Constant time effectively means you can give a constant upper bound to how long the program will take to run which isn’t affected by any of the input parameters.
Compare that with, say, linear time (for some input n – which will often actually be the size of the input data rather than a direct value) – which means that the upper bound of the time taken can be expressed as mn + k for some values of m and k.

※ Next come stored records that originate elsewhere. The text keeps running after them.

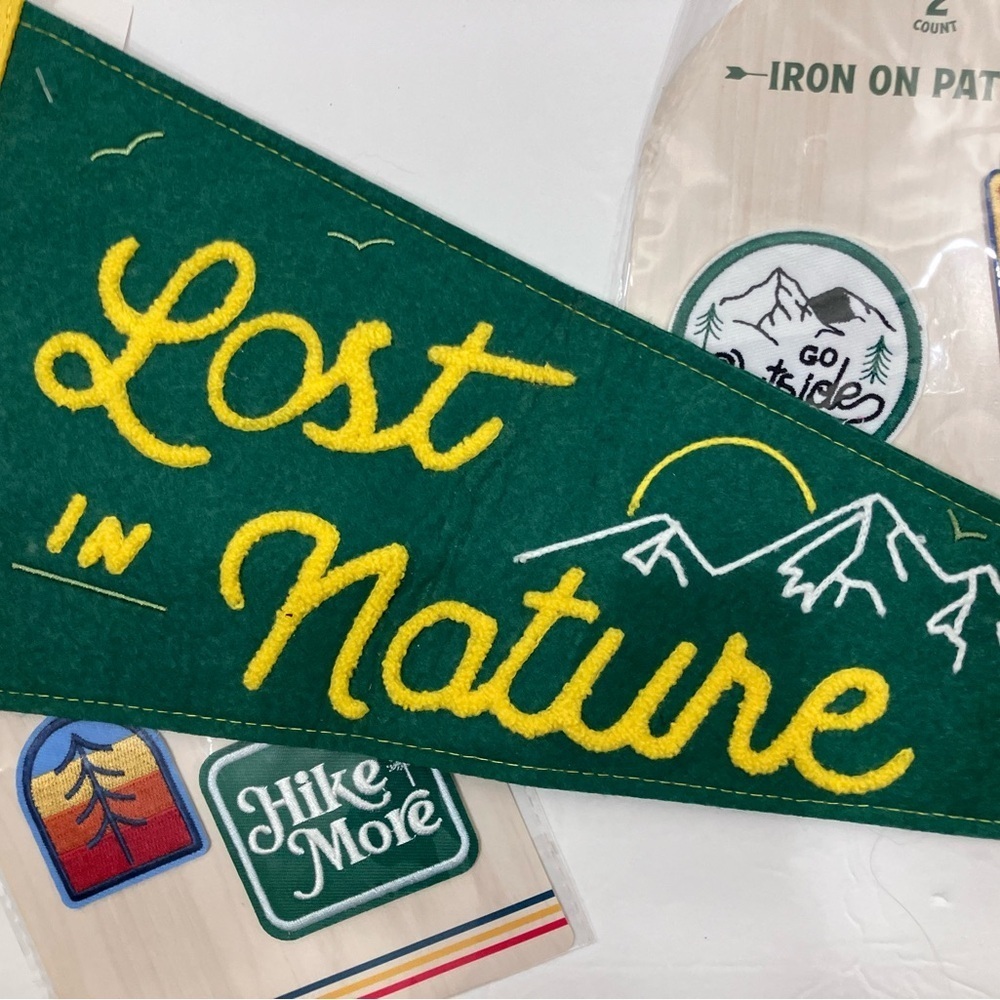'Lost in Nature' Pennant/Patches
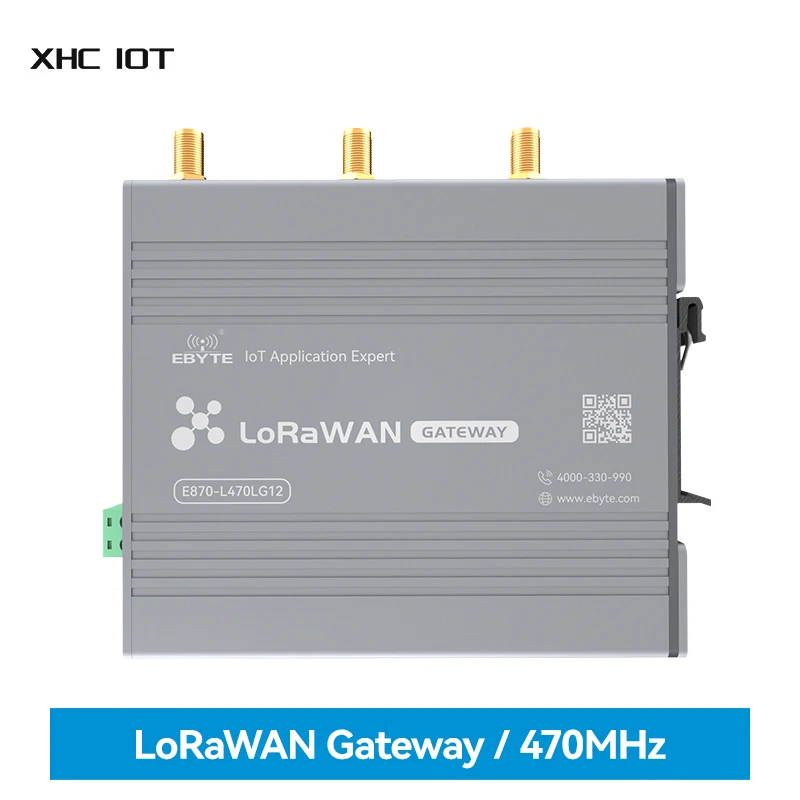 

SX1302 470MHz Industrial LoRaWAN Gateway Full Duplex XHCIOT E870-L470LG12 27dBm 3km DC8~28V Multi Channel Wireless Gateway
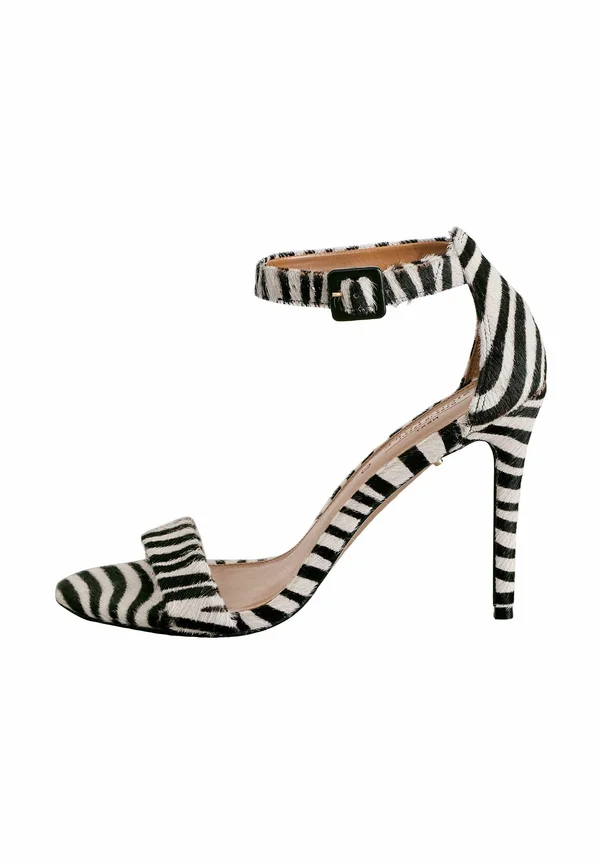 REGULAR FIT - SIGNATURE ROUND TOE SIMPLE - High Heel Sandalette - zebra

Note that it doesn’t mean a program will take the same amount of time for any input data just because it runs in constant time. For example, consider this method:
int foo(int n)
{
if (n == 0)
{
return 0;
}
int j = n + 1;
int k = j * 2;
return k;
}
That’s doing more work in the case where n is non-zero than in the case where it’s zero. However, it’s still constant time – at most, it’s going to do one comparison, one addition, and one multiplication.
Now compare that with a recursive function:
public int foo(int n)
{
if (n <= 1)
{
return 1;
}
return n * foo(n - 1);
}
This will recurse n times – so it’s linear in n. You can get much worse than linear, however. Consider this method for computing a Fibonacci number:
public int fib(int n)
{
if (n == 0)
{
return 0;
}
if (n == 1)
{
return 1;
}
return fib(n - 2) + fib(n - 1);
}
That doesn’t look much worse than the previous version – but this is now exponential (the upper bound is most easily expressed in terms as O(2n). It’s still only using simple comparisons, addition, and function calls though.